Tuesday, May 6, 2008

AMTSO and CARO Workshop

The AV industry was busy this past week amongst the blooming tulips in Hoofddorp, the Netherlands. Both an AMTSO conference and a CARO workshop was held the last three days of the week.

A large group of attendees arrived for the Wednesday all-day testing standards meeting, with more journalists in attendance than before. It was encouraging to see, because one of the AMTSO's formative goals has been to invite and include representatives from all parts of the computer security industry. Progress is being made toward a set of testing standards for anti-malware products for everyone involved.

The CARO workshop followed on Thursday and Friday, with presentations focusing on malware obfuscation from the AV industry's perspective (googling "datasecurity event caro" provides a link to the home page). The opening talk by Paul Ducklin from Sophos set the tone for most of the event -- legitimate compressors/packers are acceptable and good (according to a number of individuals in the AV scanner business), while software protection solutions like Themida and SVKP are unacceptable and evil (to a number of individuals in the AV scanner business).
It was interesting that while AV vendors and Ilfak Guilfanov of IDA Pro/Hex Rays spoke and gave presentations over the two days, none of the developers or vendors from Themida or ASProtect (a couple of software protection systems that were referred to in the presentations) were invited or presented their thoughts.

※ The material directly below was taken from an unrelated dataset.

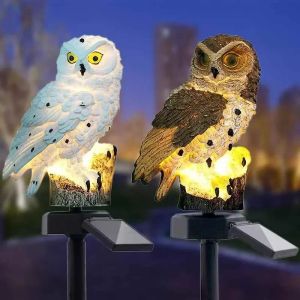 Skulpturer Trädgårdssolbelysning utomhus Owl Form Waterproof LED Lawn Lamp Stake Patio Yard Lawns Walkway Animal Pixie Decoration Landscape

Even at the workshop, it seems that there remains disagreement on how the industry should handle software obfuscation, and there remains a sense that software obfuscation is a major source of problems for the AV industry. Whether it's due to difficulties in emulation, performance issues when unpacking, the complexities of the virtualization packers (where Sophos' Boris Lau showed that a single NOP instruction can be easily and inexpensively be translated into over 50 virtual instructions) or simply disagreement over how to identify what is behind software protection, it continues to be a weakness for traditional AV scanners.
Just to give an idea of the volume of difficulties and tricks that researchers have to develop methods to deal with, Peter Ferrie's paper was presented by Mady Marinescu of Microsoft, and in it he enumerated over 50 anti-unpacking tricks commonly seen in packers and often seen in malware.
Presenters also included evaluations of the proportions of malware seen packed by specific packers and various approaches to dealing with them, including blacklisting. It seems that it is easier to include this approach in a scanner than to have to actually implement an unpacker in a scanner for all the different varieties of packers. Blacklisting is cheap and easy, but is more prone to causing fp's, and often decisions to blacklist may be debatable.
We will see what this turn away from extremely low false positive rates will do to the major advantage that the scanners had over behavioral based solutions.

From the perspective of an individual pushing a behavioral solution that solves for the difficulties that scanners have with obfuscation, it is somewhat easy to be critical of AV scanner products' inability to continue performing with such a low level of false positives and exacting matches in the face of ongoing obfuscation and "server-side polymorphism"/"rapid release" techniques currently used by malware distributors to evade the AV solutions. The complexity and difficulties are high for the guys trying to develop elegant and effective AV solutions to these problems.
We'll see more of this obfuscation topic, but from the "hackers" perspective, when defcon's "Race To Zero" contest is held this fall.